# Morel W6



## legend94 (Mar 15, 2006)

Want a sound quality mid? This is it, and it is one of the most natual sounding mid that you can buy. It has a 3" voice coil with hexagonal shaped aluminum wire, and an aluminum former. The cone is a damped polymer with a rubber surround. One thing I really like is the shallow mounting depth, which is around 2.5". These have excellent sound quality, but dont expect them to play ultra low. I have mine crossed over at 80hz at an 18db slope, and my sub takes care of low range. They are rated at 200 watts rms, but I would not try that! I would say that a true 50-100 rms is all you really need, but headroom is always a plus.

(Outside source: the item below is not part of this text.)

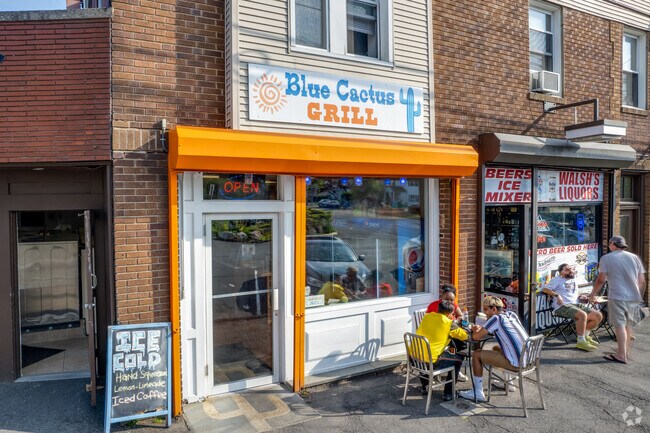 Blue Cactus Grill provides outdoor seating for customers to enjoy their meal.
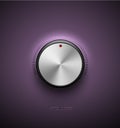 Volume button, sound control icon, music knob metal aluminum or chrome texture and scale with black ring on purple plastic Royalty Free Stock Photo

Frequency Response 45 - 5,000 Hz
Resonant Frequency (FS) 48 Hz
Sensitivity 1 watt/m 90 dB
DC Resistance (RE) 4 Ohms
Mechanical Q Factor (QMS) 2.6
Total Q Factor (Q/T) 0.64
Equivalent Cas Air Load (VAS) 10.8 liters
Net Weight x 1.2 Kg (2.7 lbs)

http://renaudio.com/CarAudioPics/big - wr-6 front.jpg 
http://renaudio.com/CarAudioPics/big - wr-6 side.jpg


----------



## chad (Jun 30, 2005)

I have found that Morel cone drivers can take their rated power no problem. The big VC lends itself nicely to heat dissapation.

Chad


----------



## FocusInCali (Jul 3, 2005)

For anyone interested in this driver, they are no longer called Morel USA.
They switched their name to Renaissance Audio:
http://www.renaudio.com/carstereo/WR-6.htm


----------



## legend94 (Mar 15, 2006)

To our valuable customers and whom it may concern,

I am pleased to announce that Morel Acoustic USA, Inc. has come to a settlement regarding the name Morel. As many of you are aware, in the past few years there has been much confusion regarding the two Morel companies. In order to eliminate this confusion, I have made a strong effort to come to a settlement with the parties involved. We have decided to continue with the use of the name Renaissance, which we have been using for the past 16 years, and stop using the name Morel. The consistent superior quality and overall product of the company, which many of you have known for over 28 years, will not be affected or changed. While our company name is being changed, the identity behind it remains the same. We will continue to produce and introduce to the industry innovative and unique designs. Please take note of our new name: Renaissance Audio Group, website: http://www.renaudio.com and email: [email protected]. Our address, phone and fax numbers will remain the same. My staff and I are looking forward to serving you in the future. Please do not hesitate to contact us if you have any questions regarding this matter.

Sincerely,

Mikhael Shabani

President


----------



## MarkZ (Dec 5, 2005)

Yeah, I recently sold a pair. I was very fond of them. They were part of a three way set I bought a while back. I still use the dome mids. The tweeters that went along with that set -- eh, not the greatest. But talk about a set that REQUIRES you to go active! I think they did a poor job of designing the crossovers for that particular set. Sounded awful, at least in my car.


----------



## legend94 (Mar 15, 2006)

MarkZ said:


> Yeah, I recently sold a pair. I was very fond of them. They were part of a three way set I bought a while back. I still use the dome mids. The tweeters that went along with that set -- eh, not the greatest. But talk about a set that REQUIRES you to go active! I think they did a poor job of designing the crossovers for that particular set. Sounded awful, at least in my car.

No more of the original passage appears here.